Her fingers explored the surface of his skin, taut skin over ribs and firm muscle, sinewy flesh that seemed to grow more taut with her touch.
“You don’t know what you’re doing—oh, God.” She slid her hands into his pants, her fingers grazing the hard texture of one thigh as she delved into his boxer shorts, and surrounded his erection with cool fingers.
His abdomen retracted, giving her more access. A groan escaped his lips and he closed his eyes, holding her close, dragging her body over his until she lay atop him, naked and straddling, her breasts plump and poised over him. He touched her, gently at first, then more roughly as he held her with his casted arm and fondled her with his free hand. Her back arched of its own accord and she offered herself to him, two proud peaks, with stiff little nipples hovering above his face.
Shuddering at the touch of his tongue, she let out a sigh as soft as the wind and felt the first burst of sunlight touch her back. “Cassidy,” he said, his voice filled with emotions she couldn’t begin to understand. “We can’t—”
She quieted him with a kiss. The words were too desolate, destroying the beauty of the morning. Closing her eyes, she listened to her body, to the desire singing through her veins, the rapture being murmured in her heart.
He suckled gently at first, kissing and tasting, then more ardently, holding her fast, causing her heart to thrum, her breath to be quick, shallow whispers. “Sweet Cassidy,” he said, his voice rough and needy as her fingers worked their magic.
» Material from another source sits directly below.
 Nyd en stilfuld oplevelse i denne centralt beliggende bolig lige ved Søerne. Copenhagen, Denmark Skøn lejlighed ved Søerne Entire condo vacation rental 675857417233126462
She stroked him and kissed him and loved him, knowing that while his leg cast was in place, she would have to be satisfied with touching. He didn’t try to stop her, just succumbed to the magic of her touch, straining, writhing, fighting the inevitable, and when at last he let go, his release was quick—a convulsion that caused him to lift from the ground before settling down again.